Sandy dune and beach deposits from Cat Island in the Bahamas show evidence of unusual polygonal cracks produced by the drying of naturally moist—but mud-free—ooid sand.
/ Published July 11, 2011
Smith College geologists, exploring an unusual type of sedimentary structure they call polygonal sandcracks, have discovered that these features can develop in a certain type of sand without the usual necessary ingredient—mud. They made their discovery in ancient (nearly 6,000 year-old) and modern calcium carbonate deposits on Alligator Point, Cat Island, Bahamas.
Until now, it was thought that these polygonal cracks form only in muddy sediment. But, in their research, a team of geosciences faculty and students found that these cracks can also form in mud-free sand composed of sphere-shaped carbonate grains called ooids.
Members of the research team include Bosiljka Glumac, associate professor of geosciences; H. Allen Curran, William R. Kenan Jr. Professor Emeritus of Geology; Sara Pruss, assistant professor of geosciences; Sarah Motti ’10 and Madeline Weigner ’09.
The presence of polygonal cracks indicates that the Bahamian sands were once moist but subsequently
exposed to the air and dried before being cemented into sandstone. The discovery of this
new sedimentary structure can help geoscientists constrain ancient environmental conditions
by differentiating ancient beach and dune sandstones from those that formed on the seafloor.
In addition, geoscientists can gain better insights into past climate and its fluctuating
moisture regimes, that is, its alternating wet and dry periods.

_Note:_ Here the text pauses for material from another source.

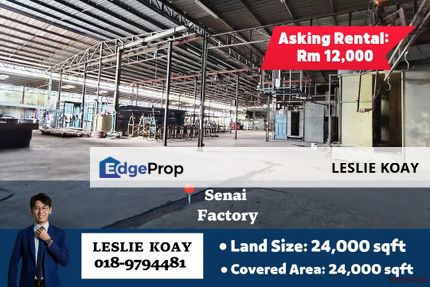 Senai 24k sqft Factory For Rent! Sungai Tiram Ulu Tiram Desa Cemerlang Mount Austin Tebrau Kempas Tampoi SILC Senai Seelong Kulai Senai Seelong, Johor, Senai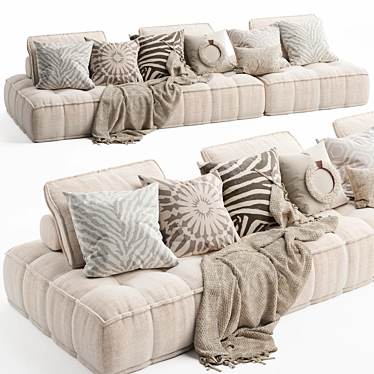 Natural Uniqwa Collins 3-Seater Sofa 3D model image 1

Carbonate sandstones are
very important water and petroleum reservoirs. Discovery of polygonal cracks in carbonate
sandstones provides useful new information about generation and distribution of fractures
that can serve as storage and pathways for migration and extraction of precious liquids from
Physical properties that make moist sand sticky and allow it to crack during drying are related to those that allow the building of sandcastles in moist sand and cause their collapse as the sand dries. To better understand these processes, the authors consulted with Professor of Physics Nalini Easwar, who studies granular media, and with Joyce Palmer-Fortune, a physics lecturer and laboratory instructor whose students Ruobing Zhang ’13 and Jenn Chang ’12 used a high-speed camera to film a sand-cracking experiment in the laboratory.
Their study is published in the July issue of the journal Geology.